Work to be completed -> Set the listing down again in full, word for word, with the pictures left out.

Material for this task ->
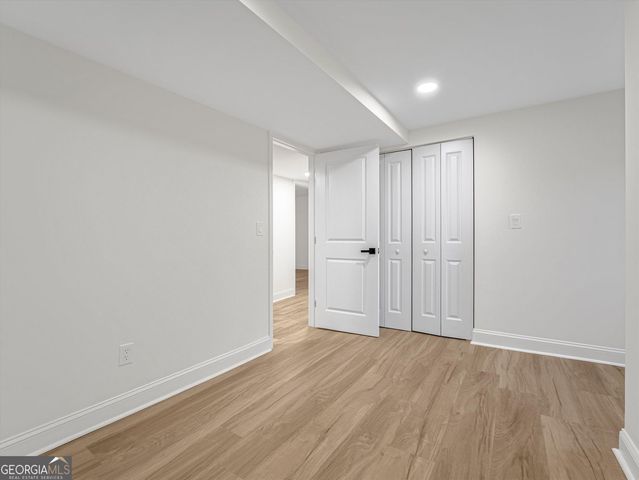 1110 Upper Hembree Road, Roswell, GA 30076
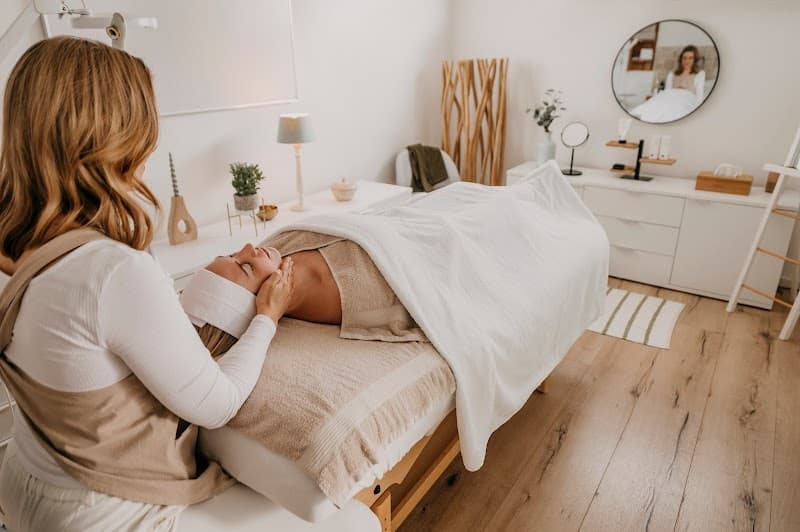 Sensis - Zeit für Sinne Hadamar photo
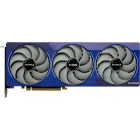 Sparkle Intel Arc B580 TITAN OC 12GB GDDR6 192-bit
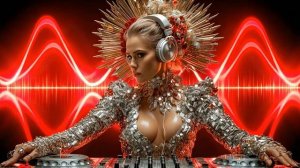 Emotional Trance Mix ✨ Deep & Uplifting Trance Vibes 2026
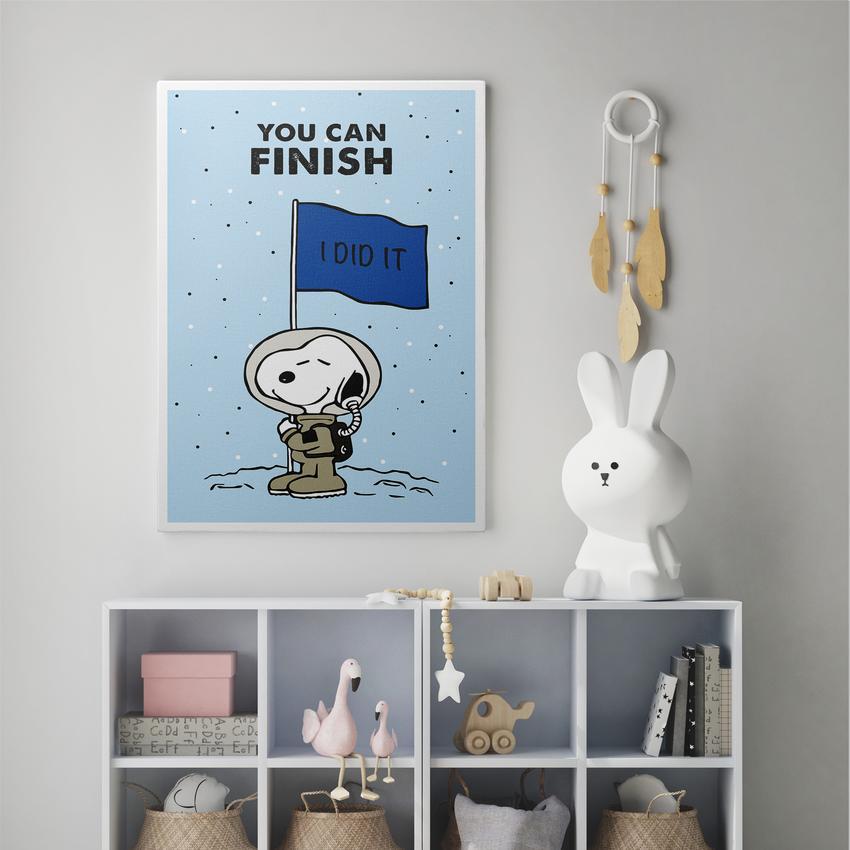 Kidscanvaswallart_by_greattness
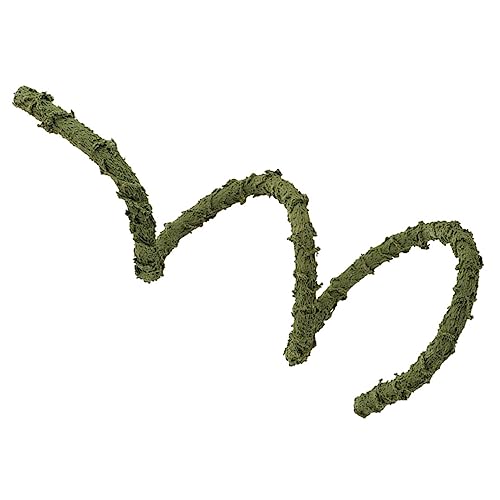 TOBBOMEY ঒ޗplHA 񋏊Ipঊߋ Rȑ ঒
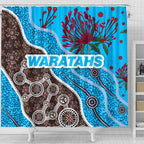 australia-shower-curtain-waratahs-rugby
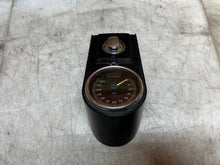 Load image into Gallery viewer, 43750955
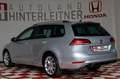 Volkswagen Golf Variant 2,0 TDI LED NAVI VIRTUAL ACC Grau - thumbnail 10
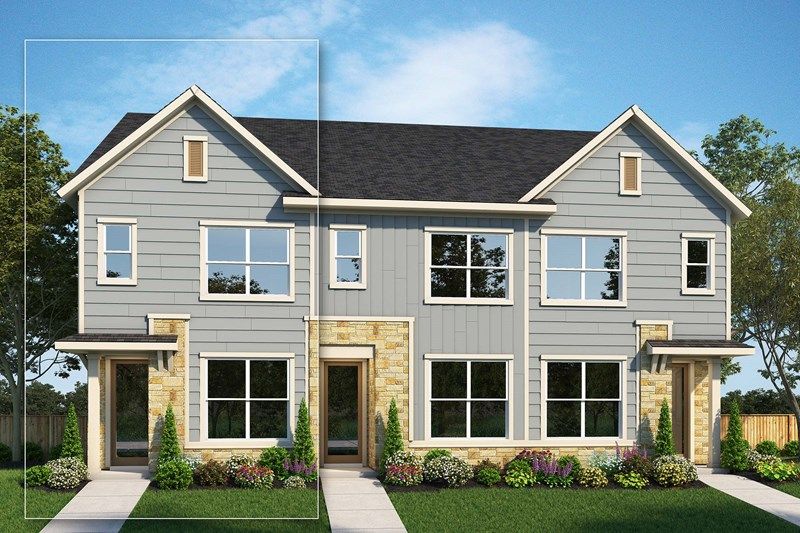 11116 Quasar Ct (Elsworth)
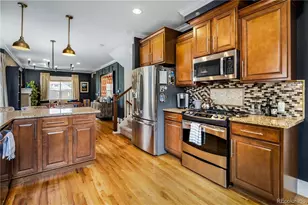 3022 N Vine St, Denver, CO 80205 - Photo 11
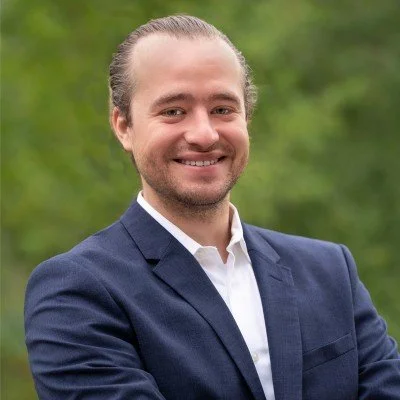 Travel hacking tips, Best travel credit cards, Maximize credit points, Free travel rewards, Earn airline miles, Credit card rewards, Travel rewards, credit cards, Cheap flights, points, Hotel rewards programs, Redeem credit rewards, Credit card bonus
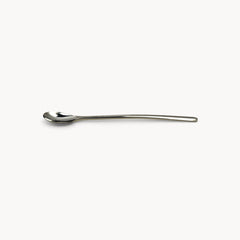 Gewürzhaus - Long Salt Spoon - 12 cm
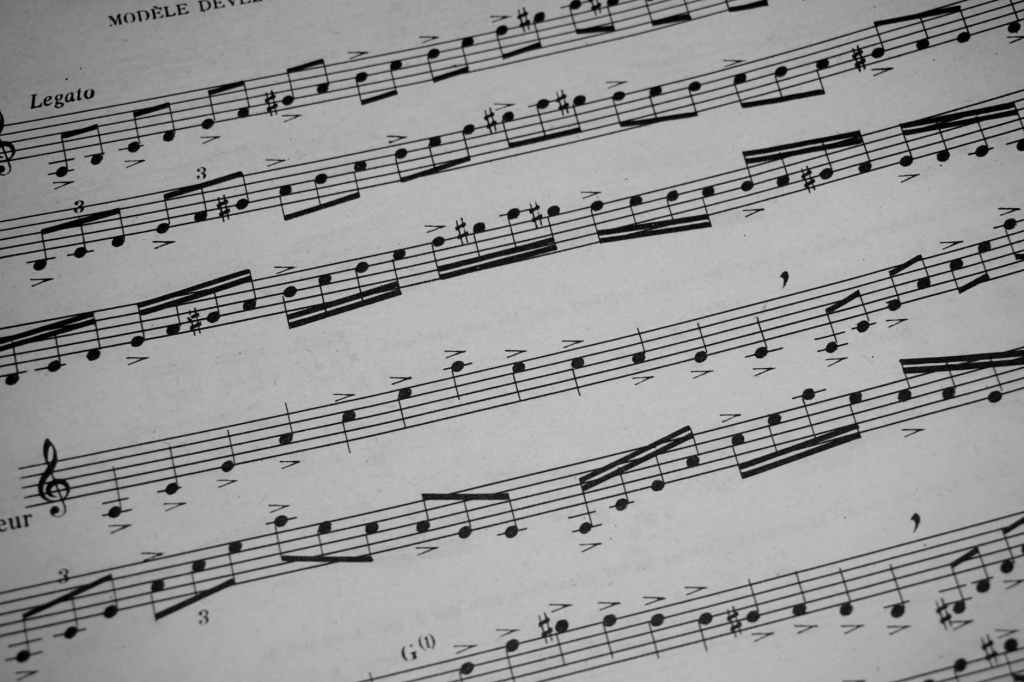 All Cows Eat&nbsp;Grass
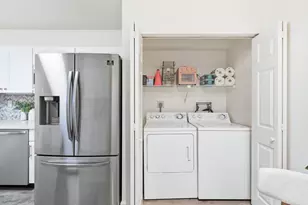 1500 Sherman Ave 2E, Burlingame, CA 94010 - Photo 30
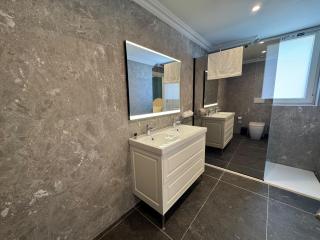 Luxury 280sqm Apartments with Private Pool Manikata - 5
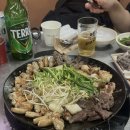 대관령곱창 이미지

Response box ->
 1110 Upper Hembree Road, Roswell, GA 30076
 Sensis - Zeit für Sinne Hadamar photo
 Sparkle Intel Arc B580 TITAN OC 12GB GDDR6 192-bit
 Emotional Trance Mix ✨ Deep & Uplifting Trance Vibes 2026
 Kidscanvaswallart_by_greattness
 TOBBOMEY ঒ޗplHA 񋏊Ipঊߋ Rȑ ঒
 australia-shower-curtain-waratahs-rugby
 Load image into Gallery viewer, 43750955
 Volkswagen Golf Variant 2,0 TDI LED NAVI VIRTUAL ACC Grau - thumbnail 10
 11116 Quasar Ct (Elsworth)
 3022 N Vine St, Denver, CO 80205 - Photo 11
 Travel hacking tips, Best travel credit cards, Maximize credit points, Free travel rewards, Earn airline miles, Credit card rewards, Travel rewards, credit cards, Cheap flights, points, Hotel rewards programs, Redeem credit rewards, Credit card bonus
 Gewürzhaus - Long Salt Spoon - 12 cm
 All Cows Eat&nbsp;Grass
 1500 Sherman Ave 2E, Burlingame, CA 94010 - Photo 30
 Luxury 280sqm Apartments with Private Pool Manikata - 5
 대관령곱창 이미지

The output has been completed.